This repository demonstrates applying a combination of statistical methods and machine learning to detect signal impairments in digital RF signals. The solution relies on processing data in an IQ Constellation diagram. For background on digital RF signal impairments, see the following video. The goal of this repository is to demonstrate using a software approach rather than more traditional hardware solutions. Another consideration of this solution is using methods which can scale the number of blobs in the modulation and coding scheme, for example QPSK to 32APSK. Lastly, the solution should be performant in terms of compute footprint to enable low cost analysis and edge deployment.
The following impairment classes are considered in this solution. Its expected that the feature engineering process of this solution can be extended to scale for additional impairment classes such as in-band spurs and IQ gain imbalance
Ideal - 16QAM | Noise (low SNR) |
Phase Noise | Compression (amplitude gain noise) |
The following steps will utilize a SageMaker Notebook as it provides a single interface for us to both run Jupyter Notebook files and build Docker Containers.
We create a Notebook Instance with the following settings.
Once the infrastructure is provisioned, we can Open JupyterLab.
Given the solution relies on statistics and machine learning, we need to generate data to train on. For this task, we'll look to GNURadio, a popular open-source software radio ecosystem.
A Docker image is used to run a GNU Radio flowgraph in a headless environment. The flowgraph uses a DVB-S2X modulator to create IQ constellation plots and save to a file. Signal error is introduced in the flowgraph which can be randomly varied to simulate each of the impairment classes. We use this flowgraph to generate a large number of samples for each of the impairment classes. Those samples will train a Multi-Classification Machine Learning model to determine whether an impairment is present in future IQ Constellation plots.
The following flowgraph is used to generate data. Normal, Phase Noise, and Interference impairment classes are generated using GNU Radio.
Compression was not achieved using the above flowgraph and is suggested as future work. Compression was generated using a mathematical approach for QPSK only, see compression-generator.py
Within the Jupyter environment, first open a terminal with File -> New -> Terminal.
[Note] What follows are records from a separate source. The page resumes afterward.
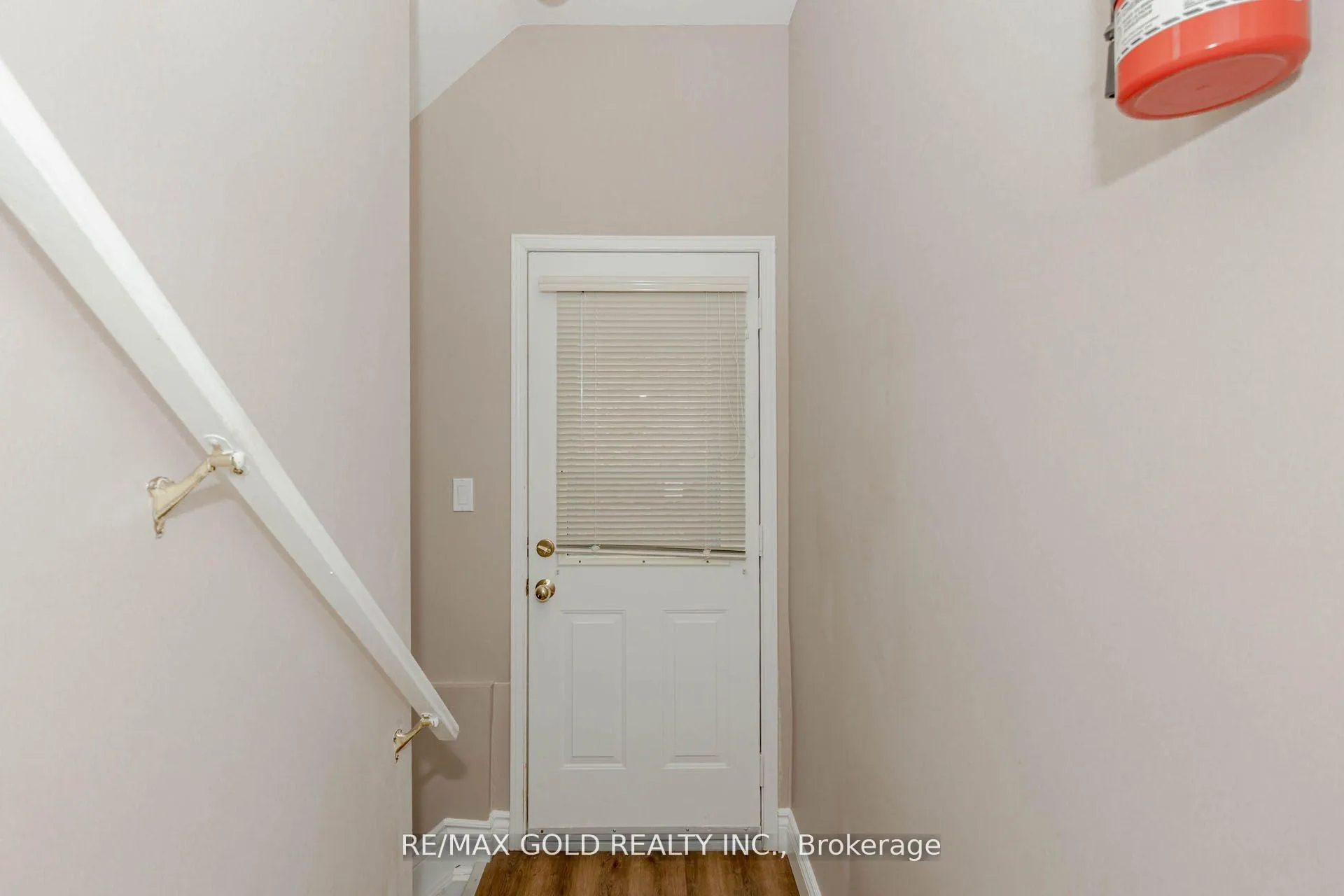 Photo 35 of 24 Sweet Clover Crescent, Brampton, Sandringham-Wellington — HOMEH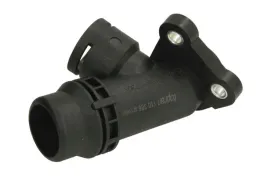 kolnierz-przewodu-plynu-chlodzacego-110-366-001-hans-pries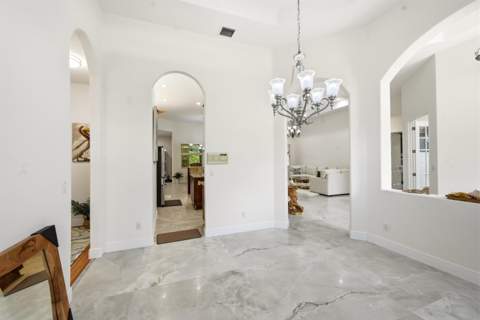 14310 N 85th Rd Road, The Acreage FL - photo 15 of 61
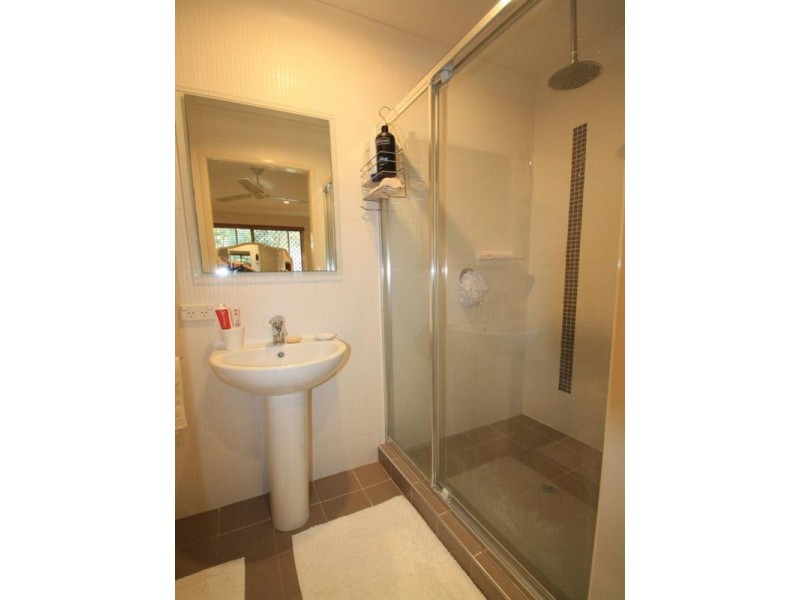 2 Morrel Court, Cornubia QLD 4130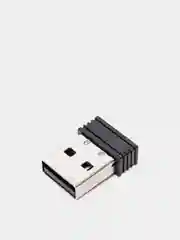 Беспроводная мышь Inphic Wireless Mouse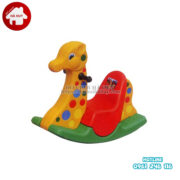 bap-benh-don-con-nai-viet-nam-HA5-004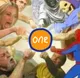 ONE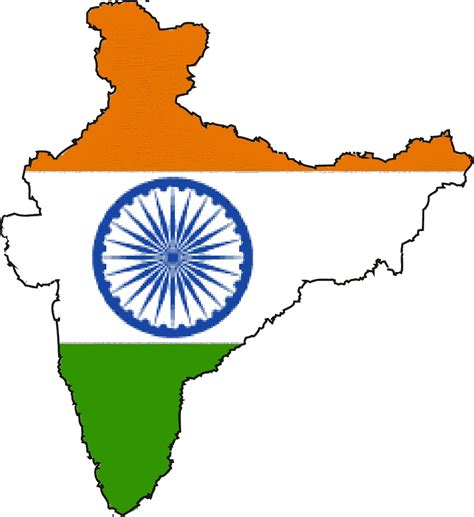 India 2012: Indian Flag India tiranga photo image pic poster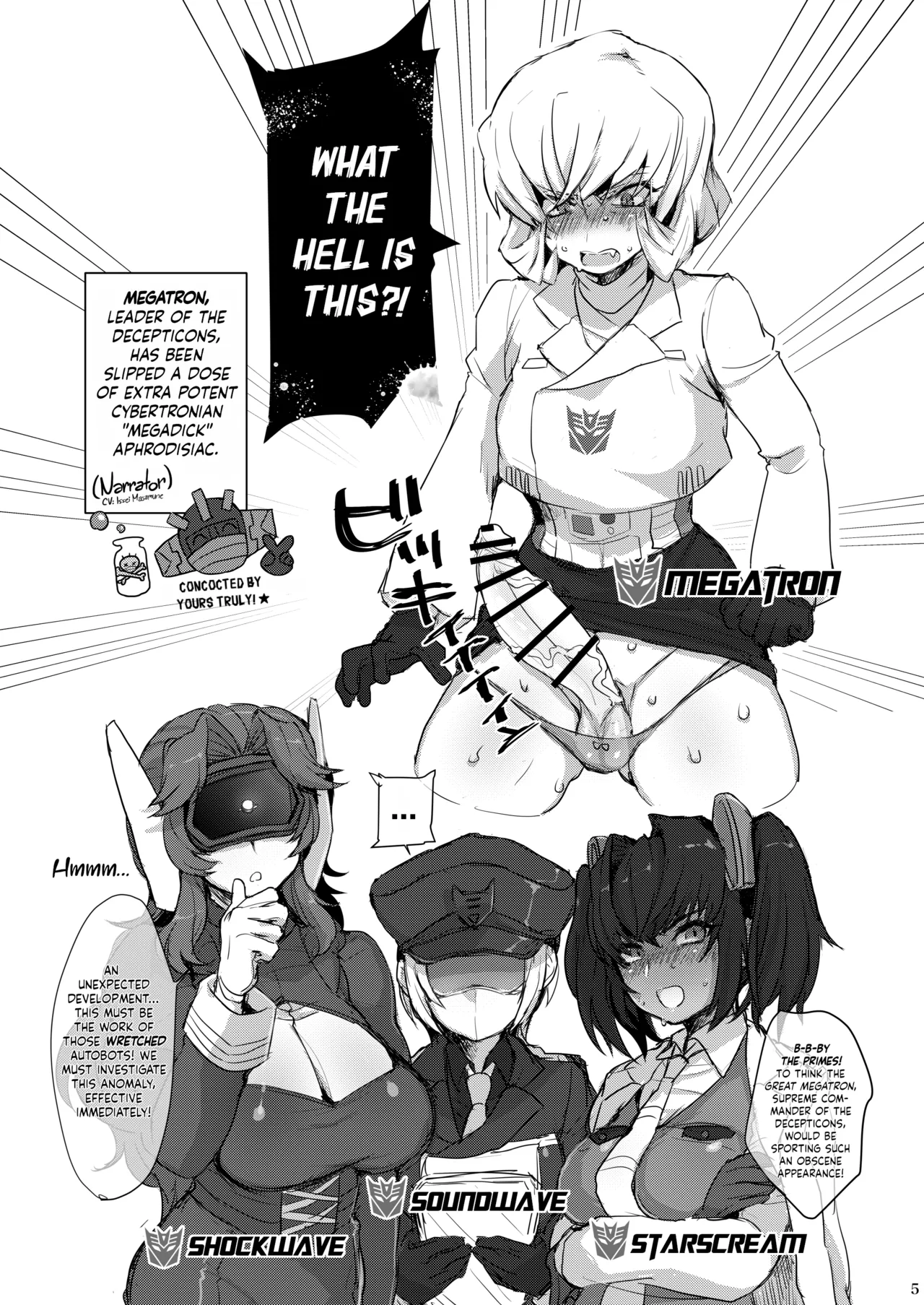 Preview page 4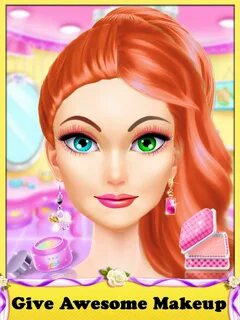 Beauty apk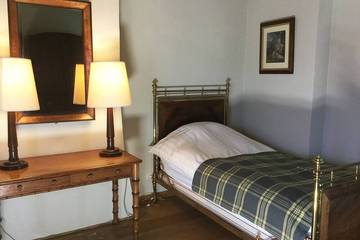 Gîte pour 5 Personnes dans Braine-l'Alleud, Province du Brabant wallon, Photo 3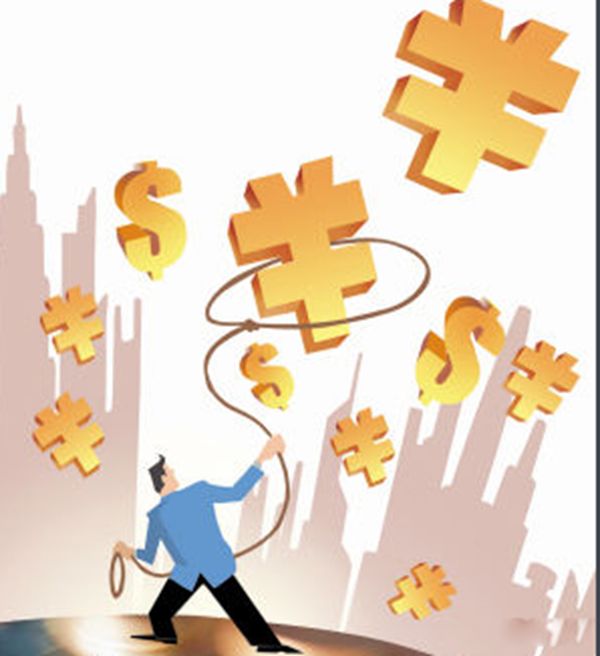 里昂惕夫之谜的解释 产生的原因和解释主要观点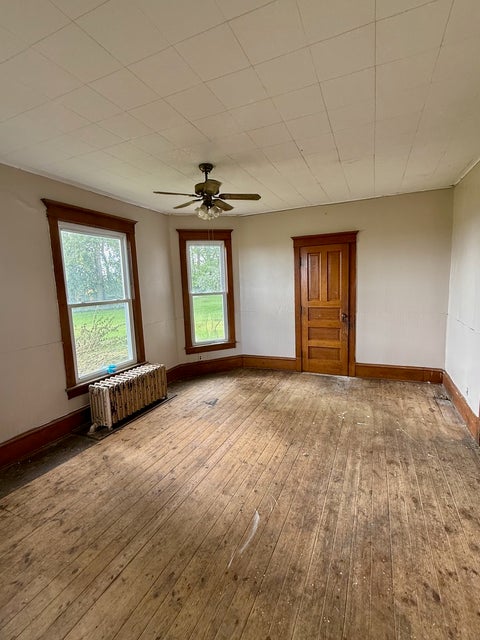 Tiny photo for 1694 N Maryland Road, Polo, IL 61064 (MLS # 12769755)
Navigate to the SageMaker directory and clone this repository
cd SageMaker
git clone https://github.com/aws-samples/digital-rf-signal-impairment-detection.git
Navigate to the docker_build directory and build the container - this may take up to 5 minutes
cd digital-rf-signal-impairment-detection/data_generation/docker_build
docker build . -t gnuradio-image
First create the directory structure to store the training data for each modulation scheme.
cd ../../data_generation/generator
./create_folders.sh
cd ../..
Enter the docker container with the following to generate low SNR noise and phase noise impairments
docker run -it --rm -v $PWD/data_generation:/temp/data gnuradio-image
Now, within the container, run the following to generate compression (amplifier gain errors) files (QPSK only at this time)
cd /temp/data/generator
python generator.py
for i in {1..100}; do python compression-generator.py; done; echo "Generation Complete"
We can exit the container. We now have training data located at digital-rf-signal-impairment-detection/data_generation/generator/data
exit
The approach for solving impairment classification first relies on feature engineering using a statistical approach. If we consider the following constellation plot, we note 32 blobs which represent 32APSK modulation and coding. We first apply K-Means Clustering to detect each of the blobs within the data sample. Its assumed we know the number of blobs ahead of time, although a future enhancement is to design without this assumption, in order to handle the typical Satellite Communications use-case of ACM (Adaptive Coding & Modulation). Given each blob, we apply the Covariance Error Ellipse which tells us the eccentricity. Further, the density, rotation, and ratio of major/minor axis of the ellipse can be extracted as features and recorded into a tabular data format.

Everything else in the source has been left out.